Numa véspera de Natal, em poucos quarteirões de uma ensolarada Hollywood, duas prostitutas travestis correm atrás de seus interesses. Sin-Dee Rella (Kitana Kiki Rodriguez) caça a branquela que teria roubado seu lugar no coração do namorado cafetão. Alexandra (Mya Taylor) tenta reunir as amigas para ouvi-la cantar num showzinho de bar. Enquanto isso, um taxista e pai de família caído por michês transgênero divide seu tempo entre os mais exóticos passageiros do táxi e sua família armênia tradicional. Há muitas situações e diálogos hilários, como uma inusitada cena erótica num lava-jato e um “barraco” geral numa loja de donuts.
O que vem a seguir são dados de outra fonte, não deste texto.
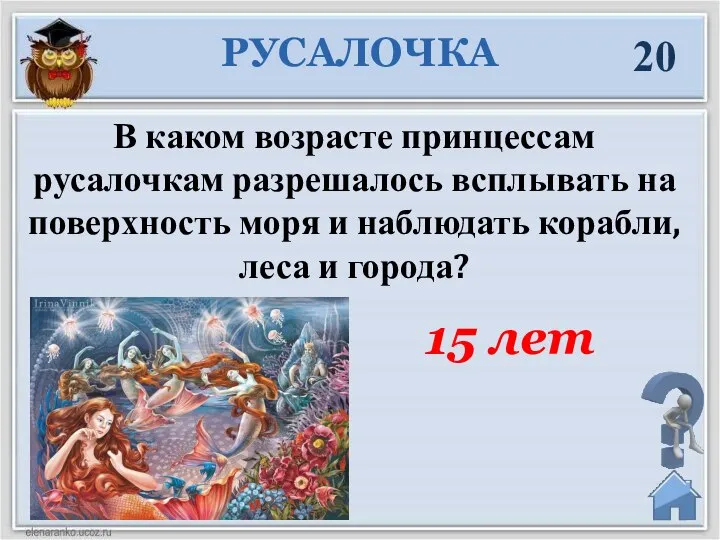 20 В каком возрасте принцессам русалочкам разрешалось всплывать на поверхность моря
Em sua carreira independente, Sean Baker tem mostrado um bom olho para figuras urbanas carismáticas, cujo exotismo de aparência e comportamento não ofusca suas características humanas. Ou seja: tem gente dentro dos aparentes estereótipos de TANGERINE. Na captação do espírito de minorias e outsiders, sinto ali também uma energia comparável à do Spike Lee de “Faça a Coisa Certa”. E como “filme de Natal”, nada mais simpático e ultrajante surgiu ultimamente.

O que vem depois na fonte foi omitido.